Tue, 27 May 1997

Legal tangle still a problem for HK as handover nears

Hong Kong has thrived in the past on the numerous uncertainties which have come its way -- but will it continue to do so in the future? The Jakarta Post Asia correspondent Harvey Stockwin analyses some of the difficulties as he continues with the fourth in a series of articles on Hong Kong's transition from British to Chinese sovereignty.

HONG KONG (JP): By any rational calculation, the countdown to Hong Kong's reversion to China at midnight on June 30, 1997 is not going well.

There is a little more than a month to go before the deadline. Many of the negative trends in the situation (initially analyzed in two articles in the Jakarta Post on May 4, 1997) have been, or are being, exacerbated. There are numerous critical aspects of the transfer of sovereignty, resolution of which looks like being left to the last minute. To give only one dramatic example, the continuation of an absolutely fundamental right, crucial to the promised survival of the rule of law in Hong Kong, is even in doubt.

So the already high degree of uncertainty in the situation is being increased. The fact that insecurity has in the past often seemed to work in Hong Kong's favor does not mean that it will always do so.

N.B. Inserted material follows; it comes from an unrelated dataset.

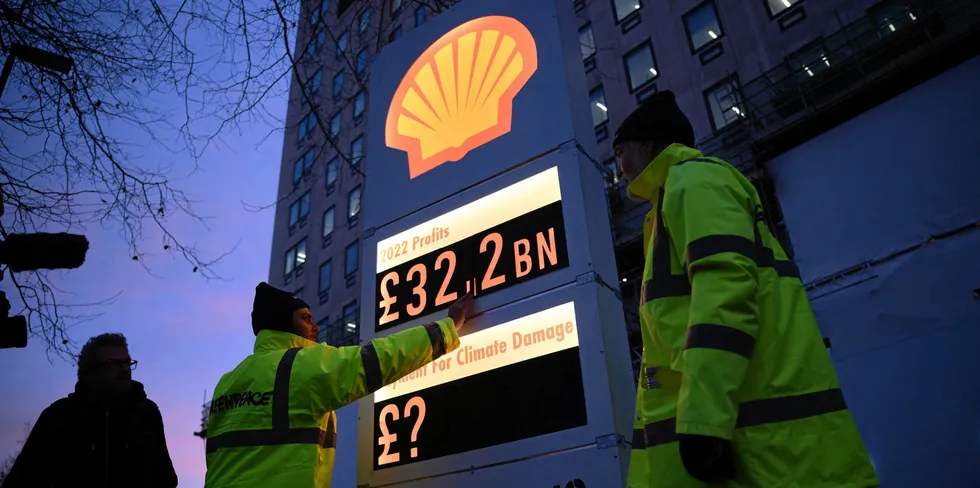 Activists from Greenpeace set up a mock-petrol station price board displaying Shell's net profit for 2022, as they demonstrate outside the company's headquarters in London.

First and foremost, China has gone ahead, as it has long said it would, and "elected" a Provisional Legislature (PL) which will replace the current, and the first fully-elected, Legislative Council (Legco) at midnight on June 30. The reason for this change is, in China's view, Britain's failure to secure China's agreement to the small electoral changes ushered in by Governor Christopher Patten, after protracted Sino-British negotiations proved fruitless.

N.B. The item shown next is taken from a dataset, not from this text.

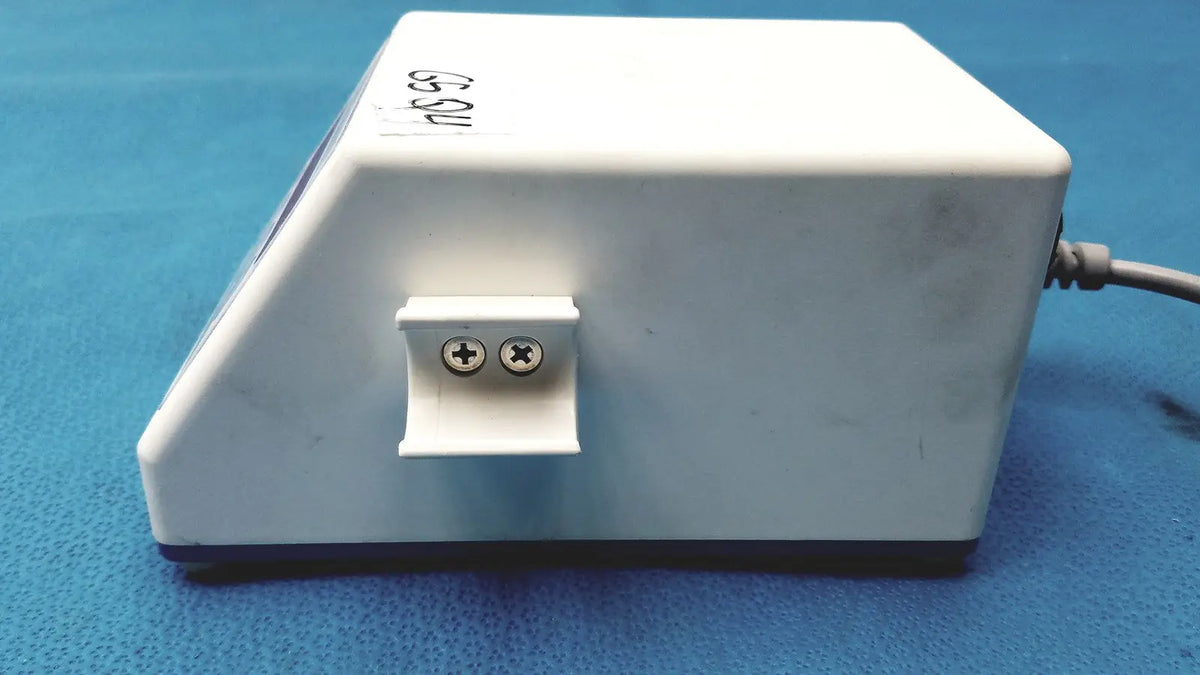 White rectangular sybronendo tcm endo iii device with two circular terminals on a small protruding panel back side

More accurately, after the events of 1989, culminating in the Beijing Massacre, China's communist leaders saw any slight democratic change as a threat to their authority, whereas Patten had to grapple with real political pressure for change within Hong Kong. This clash of perspectives made Sino-British agreement impossible. As they so clearly demonstrated in their reaction to the 1989 demonstrations within China, the Chinese communists do not even recognize pressure for political change, let alone grapple with it.

Late in 1996, some residual hope remained that China would relax, see the legal tangle in which it was entwining itself, and let the elected Legco continue after the transfer of sovereignty.

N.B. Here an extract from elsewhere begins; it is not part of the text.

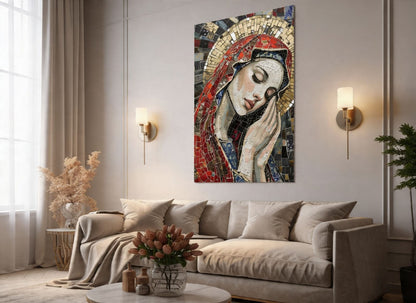a large mosaic artwork depicting a woman's face, hanging on a wall above a beige sofa in a living room setting.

There is no constitutional provision for a PL in either the Joint Declaration or the Basic Law (BL), the constitution China drew up for its future Hong Kong Special Administrative Region (HKSAR). Whether because it was carried away by its abusive anti- Patten rhetoric, or, more likely, because the Chinese Communist Party (CCP) was too dedicated to opposing any political reform, China still went ahead, late in 1996, and formed its own PL with which to replace Legco. China "selected" the 400 or so Hong Kong persons who then proceeded to "elect" the PL. Several pro-China personalities, roundly defeated in the 1995 polls, were returned, by this process, to sit in the PL.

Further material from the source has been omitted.